И только в ссылке и потом на службе в Петербурге он опять сделался тем любителем изящной литературы и театра, который так привлекал меня в дни его первой молодости.
В «Библиотеке» он писал письма на художественные темы; не только о театре, но и по вопросам искусства. В работе он был ленивенек, и его надо было подталкивать; но в нем дорог был его искренний интерес к миру изящного слова, какого я не видал в такой степени в его сверстниках.
Ему недоставало серьезности настоящего работника. Он слишком отдавался всем приманкам жизни, но жилка литературности никогда в нем не переставала биться.
И все, что он впоследствии и в Риге, и в Петербурге, и в Москве (когда переехал туда доживать) писал о театре, о книгах, об искусстве — во всем этом он уже пробовал себя в «Библиотеке».
Практика адвоката, забота о материальном достатке, семейные дела, долгие любовные увлечения, великосветские знакомства — ничто не охладило его любви к изящной литературе — и русской и, в особенности, французской.

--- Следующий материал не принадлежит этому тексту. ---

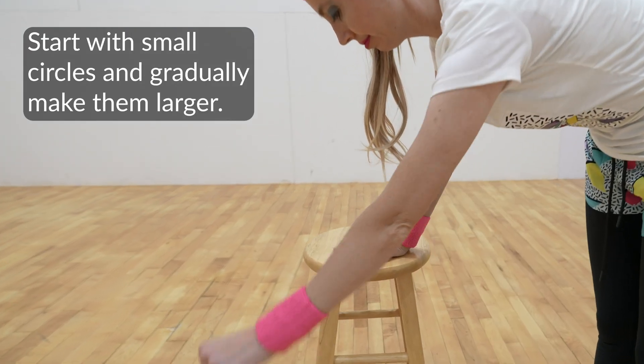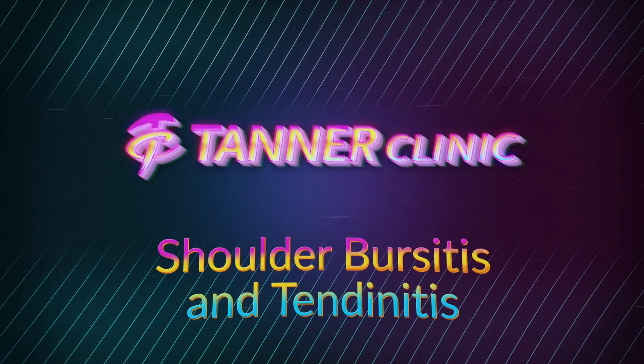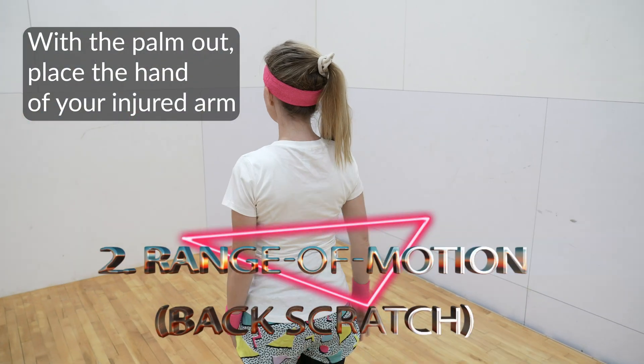Start with small circles and gradually make them larger. Repeat five times, twice a day.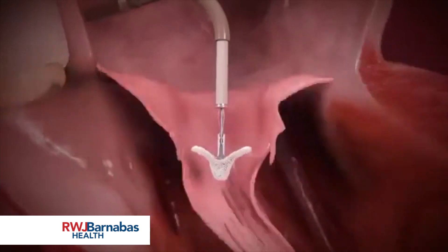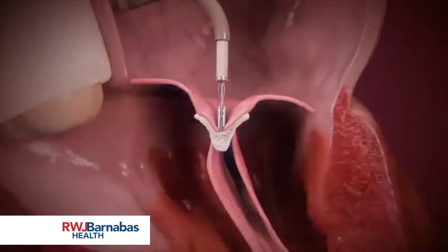Prior to deployment, the MitraClip can be released and repositioned for optimal mitral regurgitation reduction.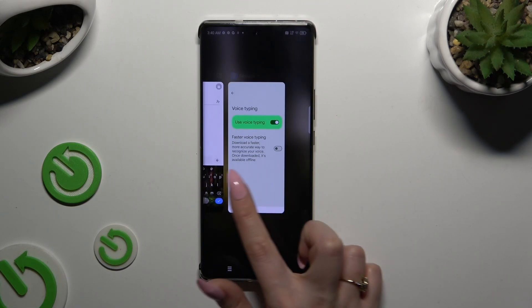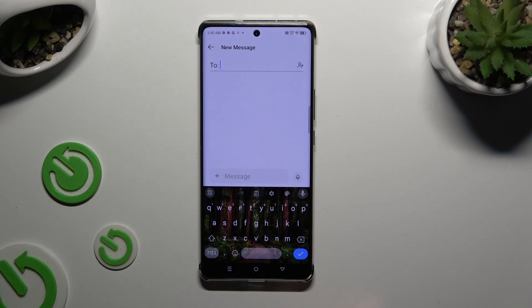Then go back and tap on the microphone. As you can see, voice typing is on. If you want to stop, tap on the same microphone again.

К тем годам, когда мы с ним были членами петербургского Шекспировского кружка (конец 80-х и начало 90-х годов), Урусов уже был фанатическим поклонником Бодлера, а потом Флобера и до смерти своей оставался все таким же «флоберистом».
Но этот культ великого французского реалиста не помешал ему сыграть роль и в нашем декадентстве. Он первый начал поощрять таких поэтов, как Бальмонт, и дружил с первоначальными кружками тогдашних «модернистов».
Но его увлекало всегда поклонение форме, искренность и оригинальность настроения.
Поэзию он действительно любил, хотя как критик ценил гораздо больше внешнюю отделку, чем глубину мысли.
Он же несколько ранее влюбился в талант Чехова, когда тот только что стал печатать свои рассказы в «Новом времени».
И к нашим классикам — к Пушкину, Гоголю, Лермонтову, Островскому — он относился как безусловный поклонник, изучал их детально, почти педантически. Одно время по его совету кружок его приятелей и приятельниц начал составлять словарь всех пушкинских слов.
Только к Толстому относился он с большими оговорками, недостаточно ценил его творческую силу и не прощал ему его нехудожественного языка.